PLOKHY: It is a big subject in Western historiography. Closer to home, meaning Ukrainian and Russian imperial history, I think that Stephen Velychenko's contribution is very important in that regard, as is the work of Alexander Etkind. But this is really a topic to be studied by Ukrainian historians in Ukraine. Only so much can be done abroad. True, Ukraine now gets much more attention in American historiography than, say, Poland, Finland, and Romania put together, especially if you look at the number of institutions, books, and articles published by academic and non-academic presses. But ultimately this is still limited, especially in comparison to output in Ukraine. What is happening in the West and in Ukraine in terms of "output" and "volume" is, as people in Odesa say, "two big differences." And that is as it should be. Most historians in France are interested in France, not Germany; most American historians in the United States are interested in the United States, and so on. The question is how to catch up with the West not so much in volume as in quality of academic output.
BRAILIAN: How does one become a good historian?
PLOKHY: Well, I don't know. But there are two components: you really have to be interested in what you are doing, and you have to try to improve. Certain things depend on luck, such as meeting professors who can guide you. That is another important thing. And last, but not least, it is important to stay engaged in a world much broader than Ukraine intellectually, organizationally, and otherwise.
BRAILIAN: What books might you recommend to deepen one's knowledge of Ukrainian history?

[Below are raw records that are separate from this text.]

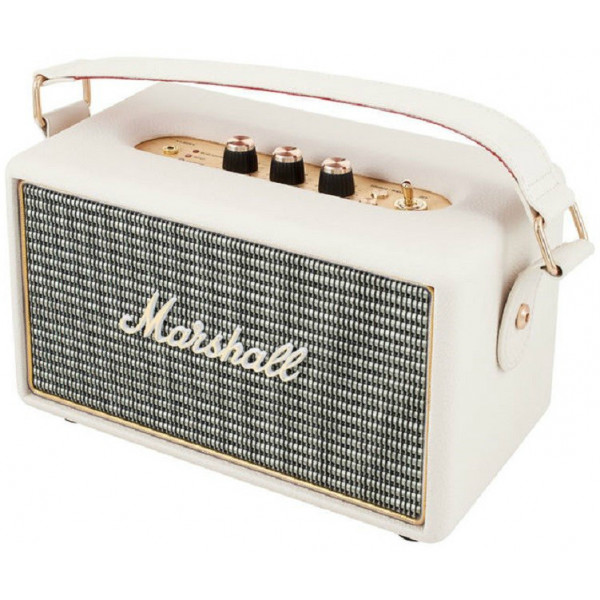 Фото - Портативна акустика Marshall Portable Speaker Kilburn Cream (4091190)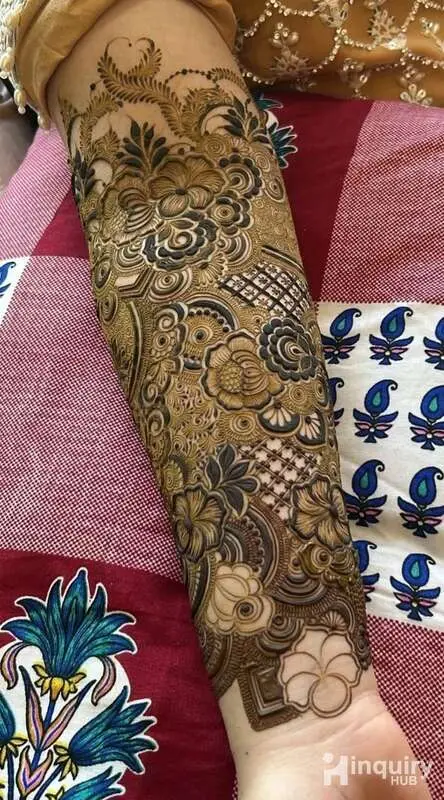 Asiya Parveen Mehndi Artist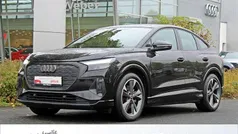 Schwarz Gebraucht 2022 Audi Q4 Sportback e-tron Ambiente SUV | 29.980 € (Fairer Preis)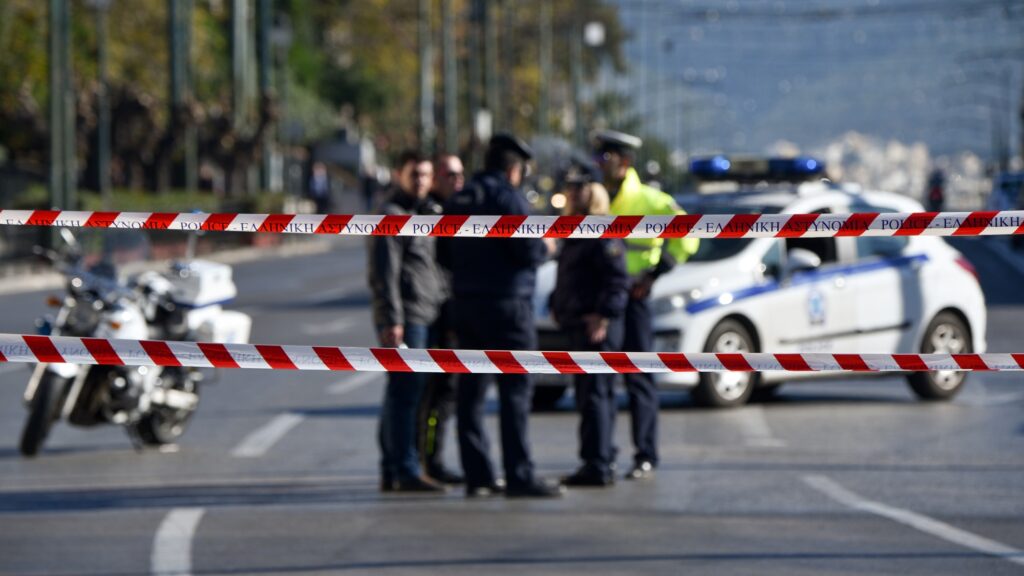 Κλειστοί δρόμοι στην Αθήνα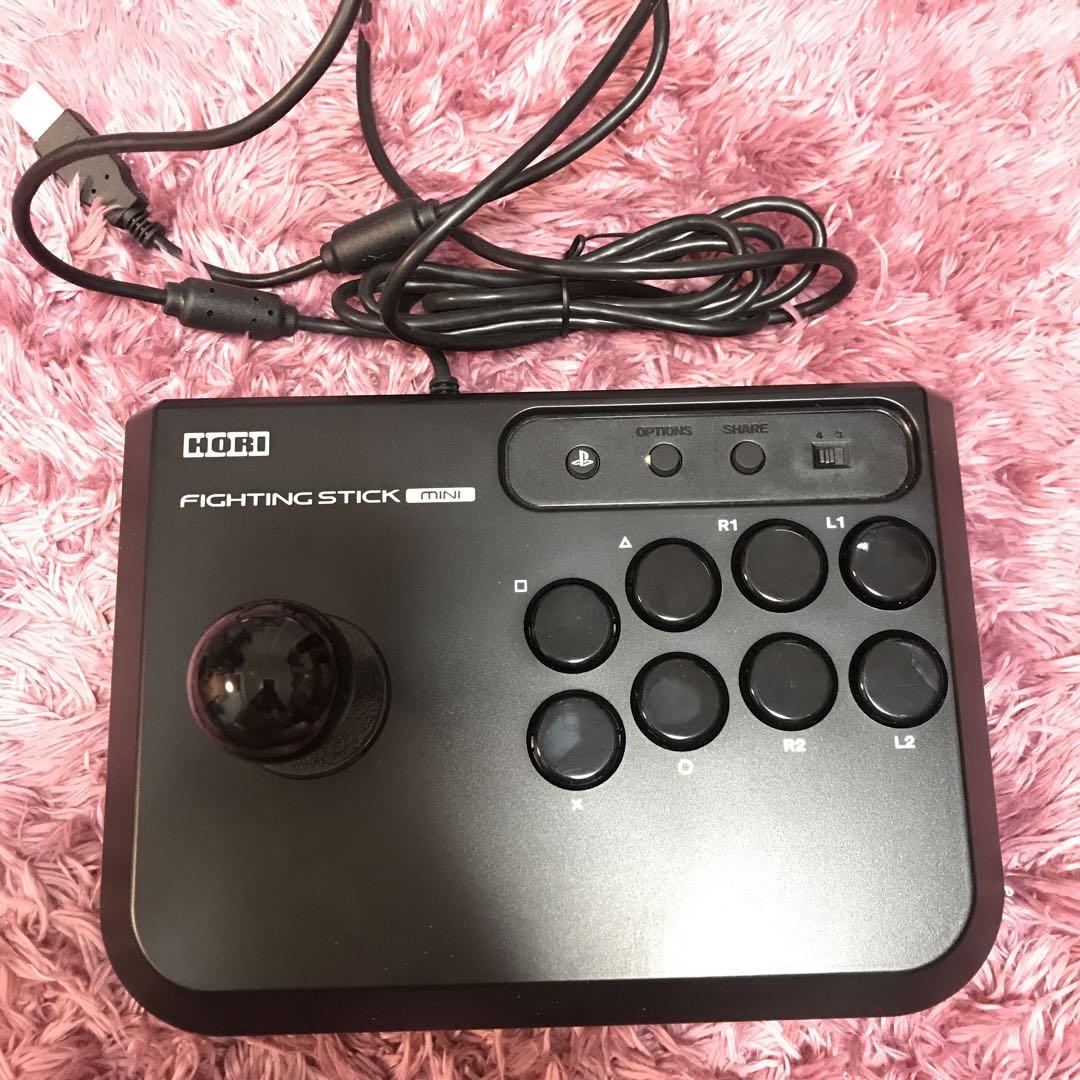 PS4/PS3 ファイティングスティックミニ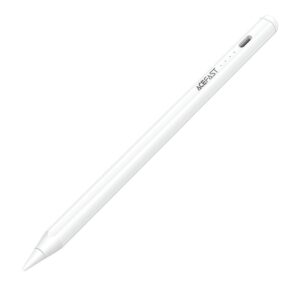 ACEFAST V1 Capacitive Pen Active Recognition Low Latency Magnetic Stylus - White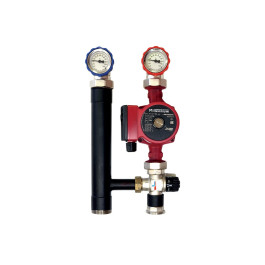 Насосная группа Millennium 1 1/2"x1" с термостатическим клапаном Т20-43 без насоса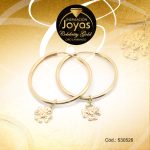 Argolla Celebrity Gold Colgante Dorado Flor  - 530526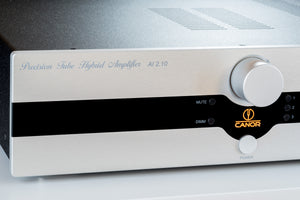 Canor Audio AI 2.10 Hybrid Tube/Class D Integrated Amplifier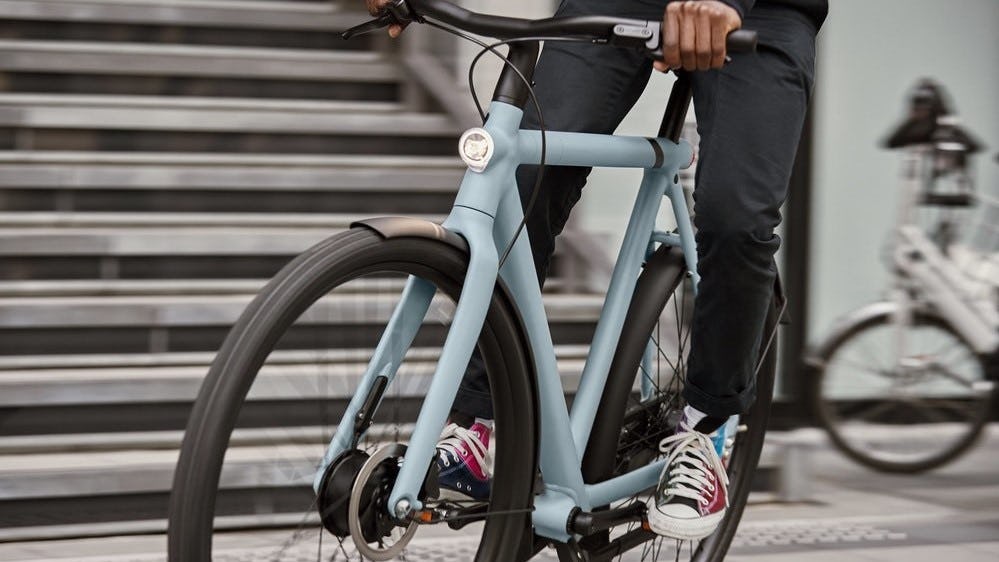 Micromobility.com is now preparing its binding offer for VanMoof. - Photo VanMoof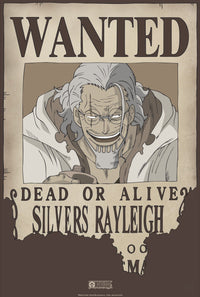 One Piece Wanted Rayleigh Poster 35X52cm | Yourdecoration.nl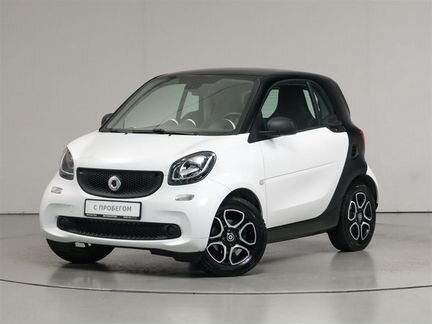 Smart Fortwo 1.0 AMT, 2017, 33 604 км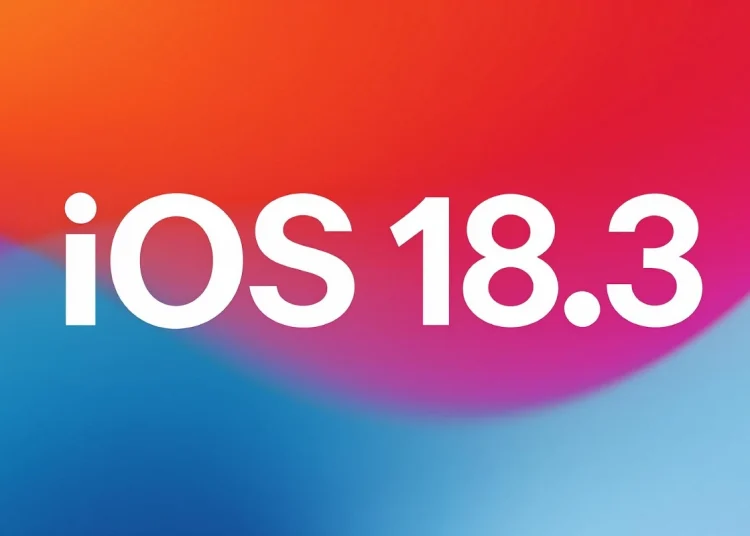 iOS 18.3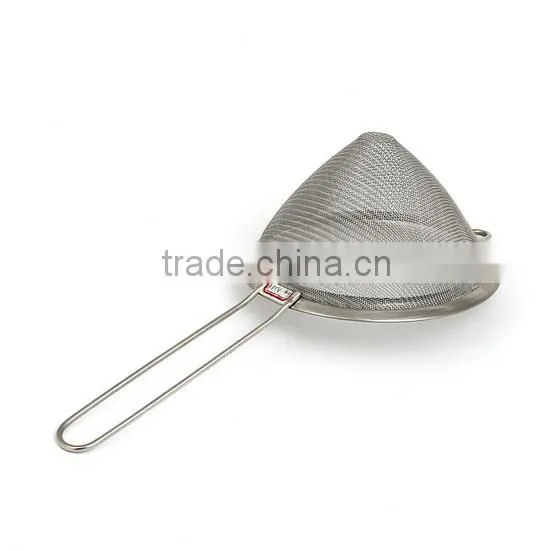 Set of 3 Fine Mesh Stainless Steel Strainers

PLOKHY: I will focus on my colleagues here in North America, highlighting the contribution of a younger generation—people who started in Ukraine. The first historian who I think is important to read is Serhy Yekelchyk. He is very conceptual and always brings new ideas to the discussion. It's important to see what idea he is currently interested in and working on. Serhiy Bilenky is another excellent historian who focuses mostly on Ukraine. Andriy Zayarnyuk is also a very good historian, with significant accomplishments and a lot of promise. I'm sure that I am missing someone, probably some of my close friends, and will be asked why I have not mentioned them. So I will stop here, saying that there are more good historians out there, and their number is growing with every passing year. But Ukrainian historiography moves ahead thanks to contributions by many more scholars than specialists on Ukraine. It is important to have a cohort of scholars who include Ukrainian subjects in their broader topics and research agendas. The contributions of Mark von Hagen, Terry Martin, Norman Naimark, or Timothy Snyder are as important to the study of Ukrainian history today as are the works of the scholars exclusively focused on that subject.